We both belonged to the Brownies, which I really enjoyed. This was held in the Pochin hall, between the Church and the infant school, so outside activities took place in the playground. My sister had the reputation for being the naughtiest Brownie. Afterwards, on the way home, several girls had 2d worth of chips, wrapped in newspaper, from the shop run by two old ladies. We were never allowed.
One of my favourite places was the mill. You walked down a lane near the church - it was a school nature walk once. My mum asked for celandine for mother's day, which we gathered there. It was a paper mill, so there was a lot of foamy effluent, which I liked . When I went back, that wasn't in operation, but there were several boats to hire.
I never was good at sport. We had dance in the nearest Methodist hall, where we also had our school lunches. We had P.E. out on the concrete playground of the school, but for the Coronation, the "rec" as we called it, - it had a few swings, a roundabout, and a field, - was used as a sports field. The only certificate I ever won for sport (plenty for piano) was for the egg and spoon race. It was a grey miserable day, a bit rainy - in the morning we had gone to a neighbour and watched the Coronation on their black and white TV, and then there was the sports event. This was followed by a tea, for the children in different church halls - I wasn't with my sister - but eventually we all met up. We were given a Coronation mug.
I was quite happy living in the village - I think we were rather the odd ones out - we didn't have ice- cream from the van, and we didn't have many shoes. But my parents spent their money in different ways - a radiogram with Classical records. Every year we went to see a Gilbert and Sullivan production at my father's school, which gave me a life long love. We used to sing the songs round the piano when my grandmother played for us. We went on cycle rides as a family, and we would cycle to Leicester on busy roads, to go swimming.
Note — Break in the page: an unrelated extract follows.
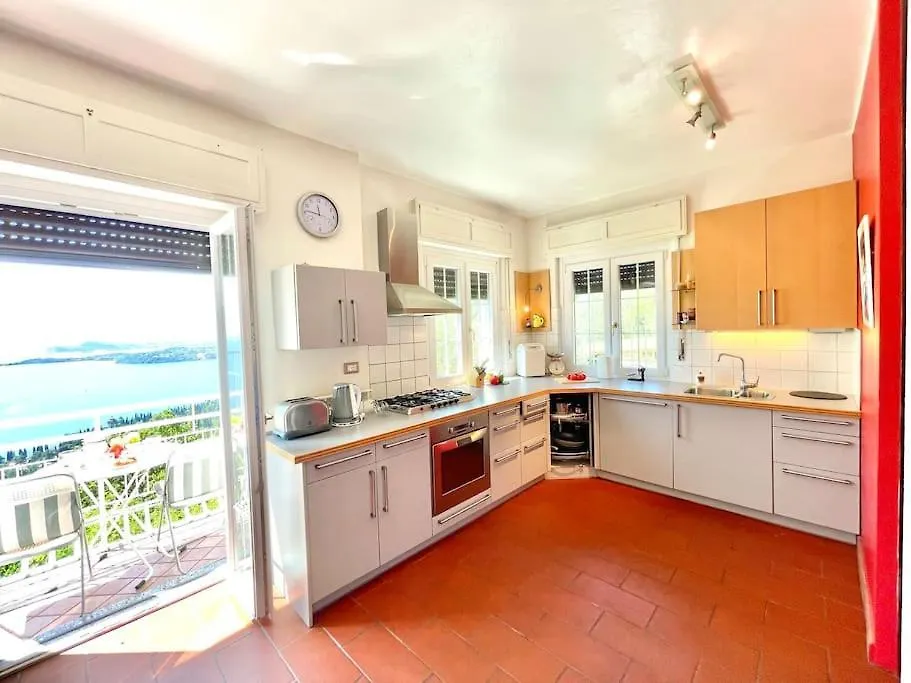 Villa Licia Gardone Riviera 0*,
My mum wasn't afraid to be different - she had her values. I put this on my children - my daughter was a trend setter using the Charity shops when she was a teen and I've not been afraid to hold the minority view.
My mother must have found it quite difficult living there - I would have done- so she founded the town's Women's Guild - which continued to flourish, so she left a legacy. I have fond memories of village life there, but I think it was partly because I was a child. I didn't have any other relatives there, unlike most children, but I had added extras in other ways.